Perhaps we’re trying to give foreign visitors a picture of what America’s truly like?  Confusing and crowded and sweaty.  At least it’s still better than LaGuardia?

JFK is located in Queens, about 16 miles south of Manhattan.  There are 6 terminals with about 128 gates.  Terminal one serves a bevy of international carriers (Air France, Korean, Lufthansa, JAL, Turkish, Norwegian, WOWAir, Alitalia, Air China, China Eastern).  Terminal 2 is for Delta, Four is for Delta and Skyteam (including Aeromexico, China Airlines, China Southern, KLM; JetBlue, Emirates, Etihad, Singapore and Virgin amongst many others).  Terminal 5 is a club in NYC and it also serves JetBlue.  Terminal 7 has British Airways, Alaska, LOT, Icelandair and Qatar.  Terminal 8 is for American.

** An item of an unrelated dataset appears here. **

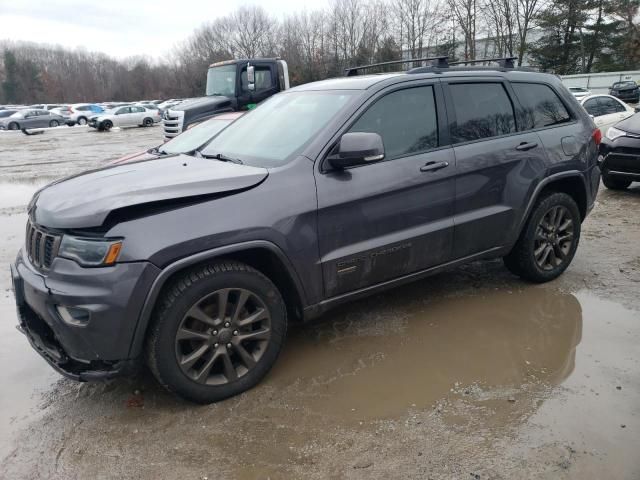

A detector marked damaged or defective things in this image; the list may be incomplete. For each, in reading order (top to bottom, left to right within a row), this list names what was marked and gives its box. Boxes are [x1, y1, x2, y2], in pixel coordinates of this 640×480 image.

Remember: ✈️ = ny i love you but you’re bringing me down to ✈️✈️✈️✈️✈️ = welcome to new york (it’s been waiting for you)

Transportation to the airport:  ✈️✈️✈️✈️ (metro, bus, taxi, car, airporter, lots of options)

Ease of navigating through terminals: ✈️ (just the fact that you have to exit and re-enter security sucks)

Convenience of security lines: ✈️✈️ (it goes as fast as it can with the sheer volume of passenger traffic; customs lines can be brutal here)

Dining: ✈️✈️✈️ (there’s lots of options, but it’s inconsistent; like some terminals have McDonald’s and Starbucks, some don’t.  Some have Peet’s and don’t get me started, eesh.  7-Eleven in a few, and Terminal 4 has two Shake Shacks while the others don’t have any.  Some have Dunkin Donuts and Buffalo Wild Wings/Panda Express!  Why so cruel, JFK?  And since it’s NY, so I’m kind of expecting elevated dining, but there isn’t much beyond fast casual)

Bathrooms: ✈️✈️ (please don’t judge us by the bathrooms in this airport)

Charging stations/wifi: ✈️✈️ (free wifi — didn’t always used to be the case)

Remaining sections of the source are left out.